===== Provided entries

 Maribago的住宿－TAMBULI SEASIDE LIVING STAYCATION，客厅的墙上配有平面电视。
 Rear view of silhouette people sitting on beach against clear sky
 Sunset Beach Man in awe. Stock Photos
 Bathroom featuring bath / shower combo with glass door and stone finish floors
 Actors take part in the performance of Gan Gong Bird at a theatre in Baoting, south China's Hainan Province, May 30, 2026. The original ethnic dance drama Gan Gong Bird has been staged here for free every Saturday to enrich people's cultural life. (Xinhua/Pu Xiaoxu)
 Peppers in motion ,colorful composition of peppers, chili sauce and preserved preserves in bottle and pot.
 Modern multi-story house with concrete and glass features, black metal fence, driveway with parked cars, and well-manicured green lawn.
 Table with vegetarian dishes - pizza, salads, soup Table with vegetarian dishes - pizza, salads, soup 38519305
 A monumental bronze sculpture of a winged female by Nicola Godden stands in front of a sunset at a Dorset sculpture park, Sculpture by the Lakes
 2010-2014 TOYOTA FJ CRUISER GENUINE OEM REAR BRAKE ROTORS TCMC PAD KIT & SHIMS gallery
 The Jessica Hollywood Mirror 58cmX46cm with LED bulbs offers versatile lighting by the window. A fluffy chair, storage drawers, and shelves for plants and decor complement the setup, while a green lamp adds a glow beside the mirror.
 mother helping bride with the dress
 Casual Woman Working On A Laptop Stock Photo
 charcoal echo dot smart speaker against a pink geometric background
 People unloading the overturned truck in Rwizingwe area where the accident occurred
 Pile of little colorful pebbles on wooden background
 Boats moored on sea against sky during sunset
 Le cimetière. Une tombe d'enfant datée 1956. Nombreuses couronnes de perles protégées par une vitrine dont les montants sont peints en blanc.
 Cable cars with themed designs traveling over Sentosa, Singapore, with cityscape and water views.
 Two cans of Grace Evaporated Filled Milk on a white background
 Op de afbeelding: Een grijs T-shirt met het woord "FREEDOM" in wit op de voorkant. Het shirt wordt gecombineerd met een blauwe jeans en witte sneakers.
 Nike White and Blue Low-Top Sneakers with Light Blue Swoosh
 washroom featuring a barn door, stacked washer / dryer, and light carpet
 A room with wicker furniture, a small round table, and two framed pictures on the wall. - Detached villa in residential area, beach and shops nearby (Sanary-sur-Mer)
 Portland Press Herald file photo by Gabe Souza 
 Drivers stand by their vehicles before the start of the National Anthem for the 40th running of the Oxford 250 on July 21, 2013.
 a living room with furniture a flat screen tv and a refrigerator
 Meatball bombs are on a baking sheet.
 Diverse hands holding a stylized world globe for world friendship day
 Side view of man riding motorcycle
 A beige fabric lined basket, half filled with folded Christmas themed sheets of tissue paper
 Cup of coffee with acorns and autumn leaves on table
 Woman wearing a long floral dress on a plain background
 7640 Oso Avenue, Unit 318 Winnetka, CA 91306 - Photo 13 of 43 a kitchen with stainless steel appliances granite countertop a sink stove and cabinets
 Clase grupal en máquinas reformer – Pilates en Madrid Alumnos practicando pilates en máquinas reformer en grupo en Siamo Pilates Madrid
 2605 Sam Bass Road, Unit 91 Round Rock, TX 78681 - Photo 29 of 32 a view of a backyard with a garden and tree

==========

#### Exercise description
Every line containing the word "area" should be copied from the material.

#### Task solution
 People unloading the overturned truck in Rwizingwe area where the accident occurred
 A room with wicker furniture, a small round table, and two framed pictures on the wall. - Detached villa in residential area, beach and shops nearby (Sanary-sur-Mer)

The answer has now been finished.